Мы спустились на палубу и тут же должны были стать по стойке смирно, пока судовой оркестр исполнял наши национальные гимны. В море шла обычная здесь огромная волна и оба мы отчаянно сражались с качкой, стараясь хотя бы устоять на ногах и отодвинув на второй план приличествующую государственным деятелям торжественность. Оркестр играл, а я стискивал зубы, зная, каким длинным стал новый гимн Южной Африки. Кроме того, кругом был обычный здесь густой туман и хотя мы могли сказать Суарешу, что он обогнул Африку, но не видеть это своими глазами было малоприятно. К счастью, туман рассеялся и выглянуло солнце — если не у самого мыса Игольного, так в нескольких милях от него. Я принял на себя ответственность указать ему подходящую южную оконечность и хотя это было лёгкое вранье, зато человеку явно было приятно.
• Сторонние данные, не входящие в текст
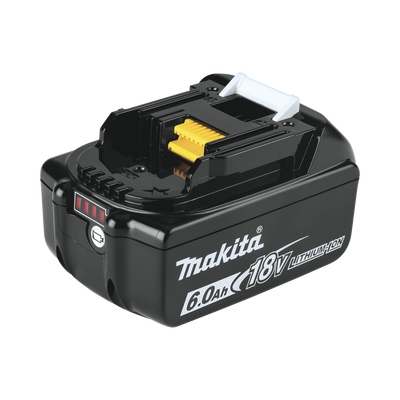 Batería LXT Litio-Ion de 18V 6.0 Ah, con led indicador de nivel de carga. | BL-1860B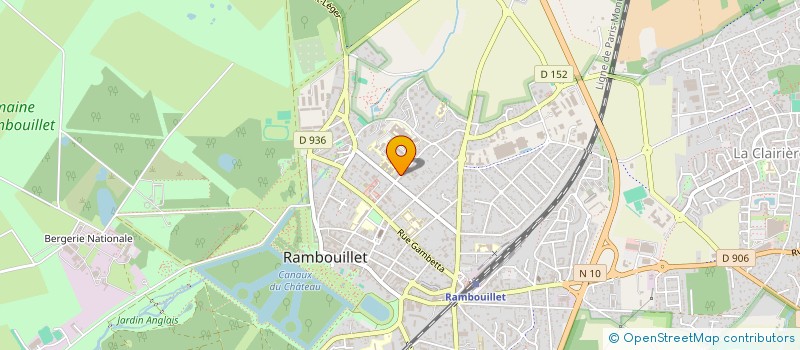 localisation de l'entreprise 890 691 348 à RAMBOUILLET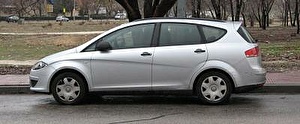 Подбор шин на Seat Altea 2011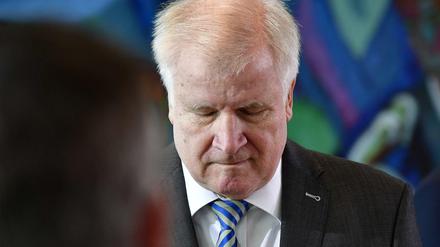 Innenminister Horst Seehofer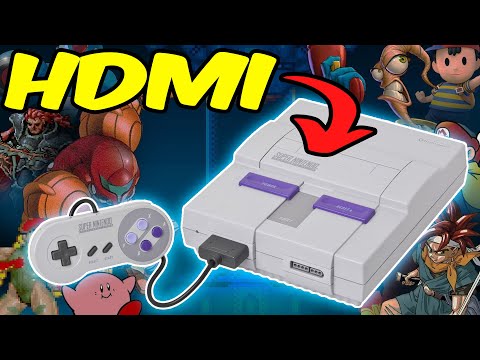 Full Connection Guide ~ SNES HDMI, Controller, and MORE | Gears and Tech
Ещё одно интересное событие в море было связано с Коби Котце и празднованием 75-летия нашего военно-морского флота. Ранее Котце был министром юстиции и министром обороны и впервые я с ним познакомился на переговорах КОДЕСА, где он занимал жёсткую позицию. Но лучше я узнал его в парламенте, после назначения его президентом Сената. Этот пост, видимо, смягчил его нрав. Как мне кажется, Мандела питал слабость к Коби, который был первым из министров, начавшим с ним в тюрьме диалог, открывший путь к переговорам. Мандела явно познал его душу на несколько лет раньше меня.
В группе приглашённых мы находились на борту корабля «Протеа», на котором Мандела принимал парад кораблей флота Южной Африки и кораблей 13 стран, участвовавших в празднествах. «Протеа» стоял в середине знаменитой кейптаунской Столовой бухты и мы с Элеонорой наслаждались компанией Коби, обнаружив в нём подлинное тепло, которое когда-то казалось нам немыслимым в бывшем высшем деятеле правительства. Он только что ушел из Сената в отставку и рассказывал нам, как хорошо ему было жить эти месяцы на его ферме в Оранжевом свободном государстве.***
Как раз к этому моменту мы переименовали корабли, ранее носившие имена бывших министров обороны, включая и Коби Котце. Мандела был доволен, что корабли, носившие имена твердолобых деятелей эпохи апартеида, таких как П.У.Бота и Магнус Малан, были переименованы в честь африканских витязей — Шаки и Макханды, соответственно. Но он колебался, когда дело коснулось Коби Котце. Он, очевидно, не только высоко ценил Коби, но и считал его роль в завершении эпохи апартеида жизненно важной. Однако я смог объяснить Манделе, что мы приняли решение в принципе не называть свои корабли в честь живых людей. Он понял и просил во избежание всевозможных обид объяснить то же Коби.